Bütçeden hesaplarsak 5,6 milyar dolar

Mahfi Eğilmez, Alptekin Müderrisoğlu, Ahmet Emin Yaman, İzzettin Doğan, Tarık Zafer Tunaya, Şerif Mardin, Şevket Pamuk gibi çok değerli iktisatçı ve tarihçi hocalarımızın, bazı kitaplarında ve makalelerinde aktardıklarına göre Kurtuluş Savaşı’na başlarken ülkenin tarım, sanayi ve ticaret cepheleri de maalesef çökmüş durumdaydı. Halkın, elinde ocağında ne kaldıysa Kurtuluş Savaşı için onu da vermeye devam ettiğini biliyoruz. Bu iki başlıktaki maliyetler ‘ayni maliyetler’ olarak düşünülebilir ve elbette hesaplanmaya kalkışılsa çok büyük paralarla ölçülebilir. Ancak ‘harcama’ yönünden bir hesap için değerli hocalarımız genellikle, Türkiye Büyük Millet Meclisi’nin (TBMM) 1920, 1921, 1922 ve 1923 bütçelerini dikkate alarak bir maliyet çıkarıyor. Aslında 1923’ün bütçesini devre dışı bırakmak teknik olarak doğru olabilir ama önceki yılların savaş bütçeleri hep çok büyük açıklar verdiği ve gelecekten borç alınmış olduğu için en azından 1923’ü de dâhil etmek yanlış olmaz. 1920 için 63, 1921 için 75, 1922 için 101 ve 1923 için 145 milyon lira bütçe hesabına göre savaşı fiilen yöneten kurumsal yapı olan TBMM’nin o dönemin kur değeri ile dört yıllık bütçesi 320 milyon dolara yakın çıkıyor.

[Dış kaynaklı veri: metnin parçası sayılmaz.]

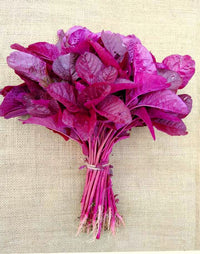 সেরা জাতের লাল শাক রক্ত জবা Rokto Joba Red Amaranth Seeds | High-Yield & Fast-Growing Lal Shak Variety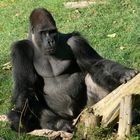 Gorilla-Bai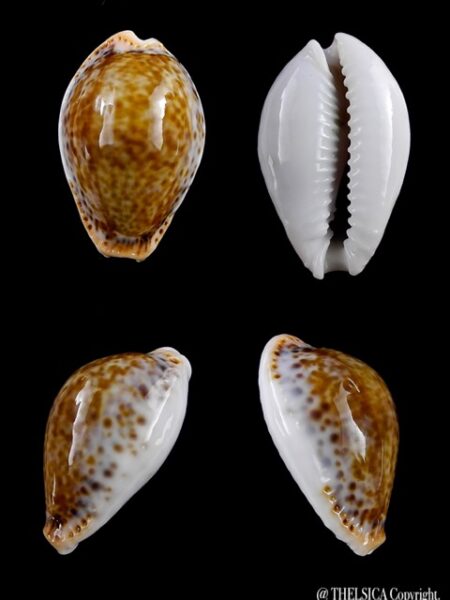 Cypraea acicularis sanctahelenae 27 mm Gem-0
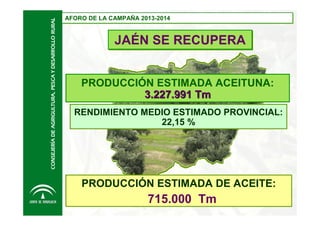 CONSEJERÍA DE AGRIGULTURA, PESCA Y DESARROLLO RURAL

AFORO DE LA CAMPAÑA 2013-2014
AFORO DE LA CAMPAÑA 2013-2014

JAÉN SE RECUPERA
PRODUCCIÓN ESTIMADA ACEITUNA:
3.227.991 Tm
RENDIMIENTO MEDIO ESTIMADO PROVINCIAL:
22,15 %

PRODUCCIÓN ESTIMADA DE ACEITE:

715.000 Tm

 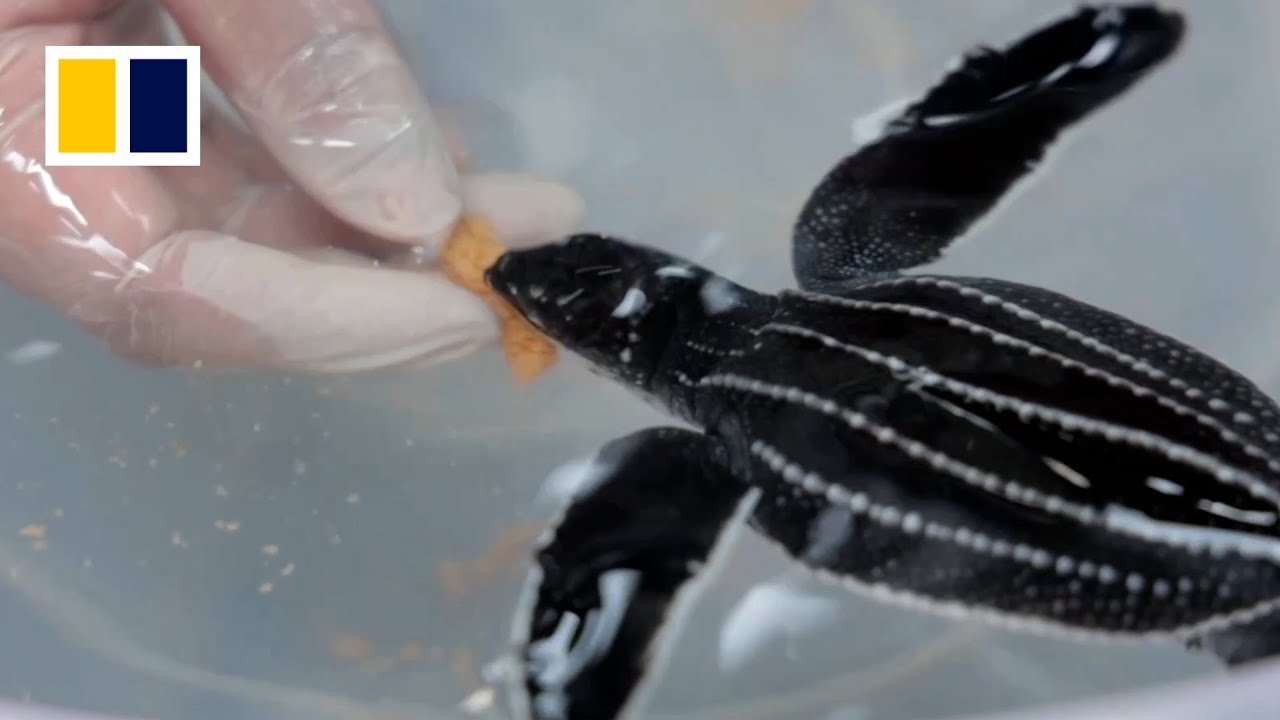 Thailand’s endangered baby turtles return to the wild - YouTube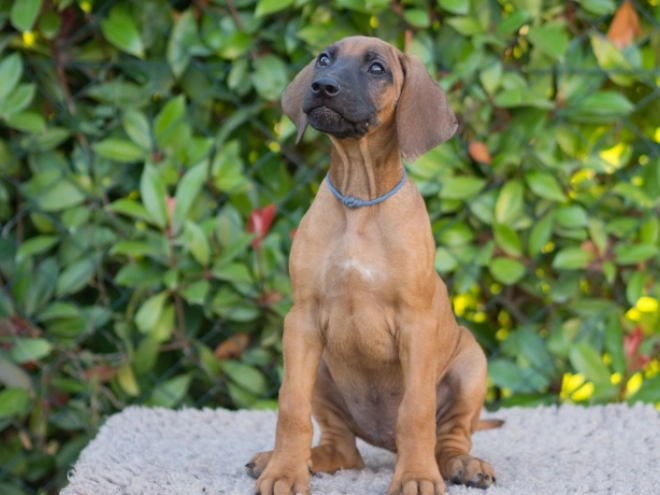 Rhodesianischer Ridgeback Welpe kaufen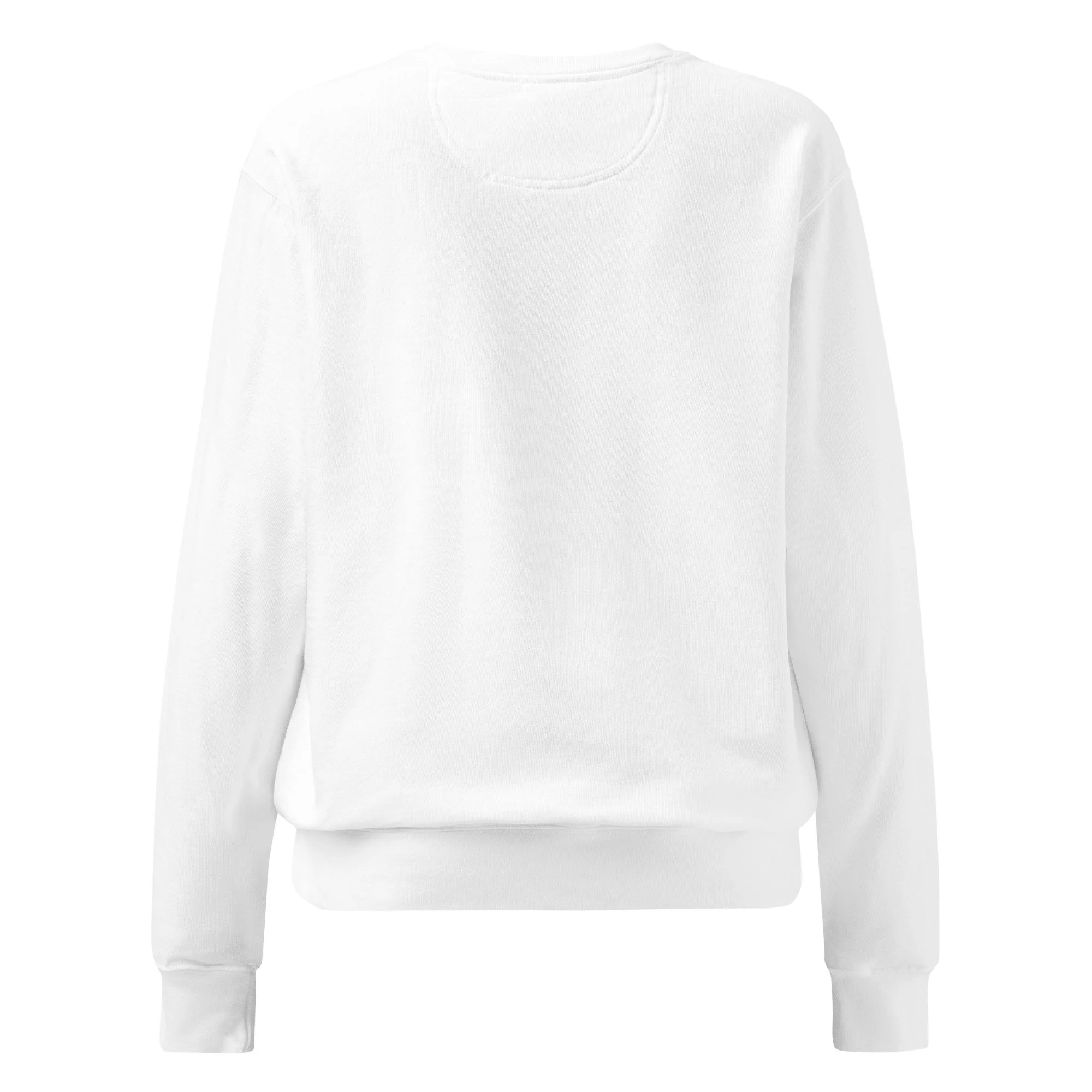 unisex-garment-dyed-sweatshirt-white-back-697134e72d446.jpg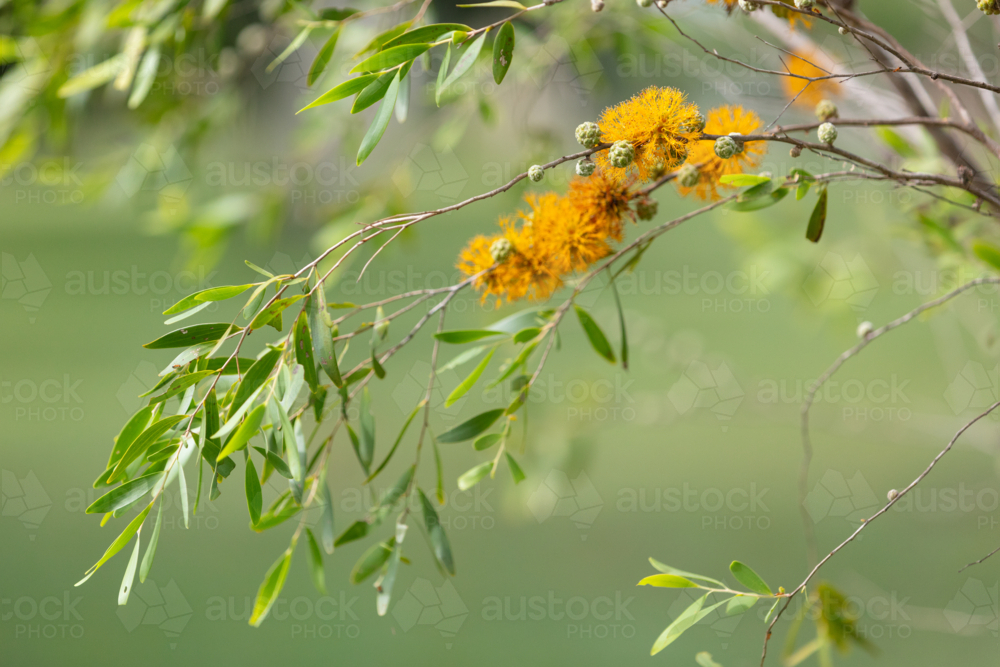 Asteromyrtus symphocarpa - NT native flora - Australian Stock Image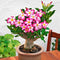 20 PCS Genuine Adenium Obesum Desert Rose Seeds Flower Bonsai Plant DIY Home Grden Seeds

Bu bütçelerin tamamına ‘savaş bütçeleri’ demek de hiç yanlış olmaz. Gelelim, 1922’deki 320 milyon doların bugünkü karşılığına ki onun için de satın alma gücüne göre değişimi dikkate alınca 1922’deki 1.000 dolar, 2022’de 17,7 bin dolara tekabül ediyor. Bu durumda ülkemizin o yokluklar içinde Kurtuluş Savaşı için harcadığı para 5,6 milyar doları aşıyor. “Bizim Kurtuluş Savaşımızın bütçesini neden TL hesaplamıyoruz” diye soranlar olabilir. Bunun cevabı genellikle en doğru TL enflasyonu hesabının dolar üzerinden yapılabilmesidir ki böyle bir hesabın daha herkese doğru fikir verebileceği açık.

Yüksek enflasyon ve bütçe açığı

Osmanlı, subay ve memur maaşlarını ödeyemez haldeydi. İstanbul’da halk yüksek enflasyon yüzünden büyük sıkıntı içindeydi ve ülkede gelir getiren ne varsa yabancıların elindeydi. Böyle bir ortamda Anadolu’da kurtuluş ateşini yakmak da ‘mali engellerle’ doluydu. TBMM gelir sağlamak için vergi kanunları çıkarmak zorundaydı ama halkın vergi verebilecek gücü yoktu.         

Osmanlı Devleti’nin 1912’den itibaren bir felakete dönüşen çöküş süreci, ardından 1914’te başlayan Birinci Dünya Savaşı’nın yıkıcı etkileri, ülkenin ve milletin ekonomisini neredeyse yok etmişti. Osmanlı, Birinci Dünya Savaşı’nın başında Edirne’den Hint Okyanusu’na 1 milyon 710 bin kilometrekare toprağa, 22 milyonluk bir nüfusa sahipti ama o savaş bittiğinde yaklaşık 1 milyon kilometrekare toprak kaybedilmiş, Mondros ile beraber gelen işgaller de İstanbul, İzmir gibi ekonomisi daha iyi olan illeri de tahrip etmişti. Kurtuluş Savaşı’nın Misakı Milli sınırları içinde savaşacak, üretecek insan ve mali kaynak bulması çok zordu. Kesintisiz 8 yıldır süren savaşlardan geriye kalan nüfus çoğu yaşlılardan ve kadınlardan oluşan yaklaşık 8 milyon kişiydi. 10 kişiden fazla işçi çalıştıran işletme sayısı yaklaşık 300’dü ve onların önemli bölümü de işgal altındaki yerlerdeydi. Kurtuluş Savaşı için neye ihtiyaç varsa para bulup satın almak, silah ve mühimmatın tamamını da ithal etmek zorundaydık.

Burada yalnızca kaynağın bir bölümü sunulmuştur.